Data supplied:
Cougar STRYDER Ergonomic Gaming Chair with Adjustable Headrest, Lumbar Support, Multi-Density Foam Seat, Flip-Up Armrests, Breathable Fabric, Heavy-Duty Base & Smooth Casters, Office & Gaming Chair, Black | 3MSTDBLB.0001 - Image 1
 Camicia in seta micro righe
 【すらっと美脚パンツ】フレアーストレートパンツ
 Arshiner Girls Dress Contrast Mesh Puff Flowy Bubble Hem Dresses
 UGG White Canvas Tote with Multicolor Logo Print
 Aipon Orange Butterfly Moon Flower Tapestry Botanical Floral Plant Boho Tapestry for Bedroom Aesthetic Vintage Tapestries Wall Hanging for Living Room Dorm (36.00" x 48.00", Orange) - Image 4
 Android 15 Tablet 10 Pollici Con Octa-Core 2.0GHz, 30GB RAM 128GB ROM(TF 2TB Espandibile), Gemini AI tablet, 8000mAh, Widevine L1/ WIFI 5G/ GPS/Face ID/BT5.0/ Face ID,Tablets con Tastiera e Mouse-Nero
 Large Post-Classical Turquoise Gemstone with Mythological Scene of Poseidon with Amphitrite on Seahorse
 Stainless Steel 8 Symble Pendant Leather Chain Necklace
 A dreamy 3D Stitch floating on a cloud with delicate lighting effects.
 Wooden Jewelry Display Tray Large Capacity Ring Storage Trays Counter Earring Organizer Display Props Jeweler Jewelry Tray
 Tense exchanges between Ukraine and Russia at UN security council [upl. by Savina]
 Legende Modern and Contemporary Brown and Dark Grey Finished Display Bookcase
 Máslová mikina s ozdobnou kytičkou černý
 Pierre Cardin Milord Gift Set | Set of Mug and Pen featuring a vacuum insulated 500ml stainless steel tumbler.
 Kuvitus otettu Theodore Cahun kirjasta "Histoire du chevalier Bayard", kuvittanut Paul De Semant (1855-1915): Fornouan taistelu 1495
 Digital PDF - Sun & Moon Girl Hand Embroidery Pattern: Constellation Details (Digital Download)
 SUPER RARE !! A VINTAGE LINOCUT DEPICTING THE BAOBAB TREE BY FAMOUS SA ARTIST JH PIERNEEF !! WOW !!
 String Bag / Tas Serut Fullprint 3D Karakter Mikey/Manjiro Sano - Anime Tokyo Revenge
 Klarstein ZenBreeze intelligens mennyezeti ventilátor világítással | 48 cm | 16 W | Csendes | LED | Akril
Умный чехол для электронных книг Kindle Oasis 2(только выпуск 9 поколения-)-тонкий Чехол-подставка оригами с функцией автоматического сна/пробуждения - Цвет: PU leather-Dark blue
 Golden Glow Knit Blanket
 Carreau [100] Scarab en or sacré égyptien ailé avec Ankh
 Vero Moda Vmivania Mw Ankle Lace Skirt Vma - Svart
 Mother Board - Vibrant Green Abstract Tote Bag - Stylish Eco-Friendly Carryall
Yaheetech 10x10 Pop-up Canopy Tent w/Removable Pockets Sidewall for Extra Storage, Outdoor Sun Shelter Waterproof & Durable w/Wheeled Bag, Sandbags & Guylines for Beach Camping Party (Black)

Action item:
Nothing but the lines from the one containing "Pierre Cardin Milord" through the end of the entries belongs in the answer; repeat them exactly.

Task solution:
 Pierre Cardin Milord Gift Set | Set of Mug and Pen featuring a vacuum insulated 500ml stainless steel tumbler.
 Kuvitus otettu Theodore Cahun kirjasta "Histoire du chevalier Bayard", kuvittanut Paul De Semant (1855-1915): Fornouan taistelu 1495
 Digital PDF - Sun & Moon Girl Hand Embroidery Pattern: Constellation Details (Digital Download)
 SUPER RARE !! A VINTAGE LINOCUT DEPICTING THE BAOBAB TREE BY FAMOUS SA ARTIST JH PIERNEEF !! WOW !!
 String Bag / Tas Serut Fullprint 3D Karakter Mikey/Manjiro Sano - Anime Tokyo Revenge
 Klarstein ZenBreeze intelligens mennyezeti ventilátor világítással | 48 cm | 16 W | Csendes | LED | Akril
Умный чехол для электронных книг Kindle Oasis 2(только выпуск 9 поколения-)-тонкий Чехол-подставка оригами с функцией автоматического сна/пробуждения - Цвет: PU leather-Dark blue
 Golden Glow Knit Blanket
 Carreau [100] Scarab en or sacré égyptien ailé avec Ankh
 Vero Moda Vmivania Mw Ankle Lace Skirt Vma - Svart
 Mother Board - Vibrant Green Abstract Tote Bag - Stylish Eco-Friendly Carryall
Yaheetech 10x10 Pop-up Canopy Tent w/Removable Pockets Sidewall for Extra Storage, Outdoor Sun Shelter Waterproof & Durable w/Wheeled Bag, Sandbags & Guylines for Beach Camping Party (Black)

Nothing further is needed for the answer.